The Corner

Politics & Policy

South Carolina House Approves a Pro-Life Heartbeat Bill

The South Carolina House has just passed a pro-life heartbeat bill, which would prohibit most abortions after the point at which a fetal heartbeat can be detected, usually around six weeks into a pregnancy. Seventy-eight Republican representatives and one Democratic representative voted for the bill, while 35 Democrats opposed it, and ten representatives did not vote.

The measure passed the South Carolina Senate late last month and, after another procedural vote, will head to the desk of Governor Henry McMaster later this week for his signature. The Republican governor has already indicated his support for the legislation and is expected to sign it into law.

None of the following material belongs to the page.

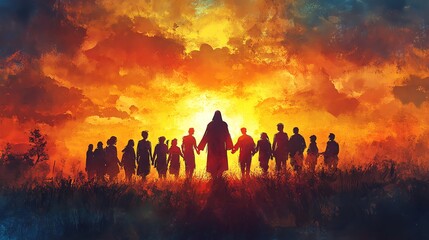 jesus christ holding hands with diverse group of people digital watercolor painting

The bill’s enactment will make South Carolina one of about a dozen states to prohibit abortion after the fetal heartbeat begins. In 2019, several pro-life states including Louisiana, Georgia, Mississippi, Ohio, Kentucky, and Tennessee all enacted forms of a heartbeat bill, drawing the criticism of abortion-rights advocates across the country.

Unfortunately, because of current abortion jurisprudence, nearly all of those laws — along with those in other states passed before 2019 — have been struck down in court. In legal challenges brought by abortion-advocacy organizations, judges have ruled that heartbeat bills are an unconstitutional restriction on the right to abortion as articulated in Roe v. Wade and subsequent Supreme Court cases.

Planned Parenthood, other abortion providers, and legal groups that support abortion have said they will sue South Carolina over the heartbeat bill once it becomes law. Unless and until the Court reconsiders abortion and the right of state governments to regulate it, judges will continue to block these bills each time they take effect.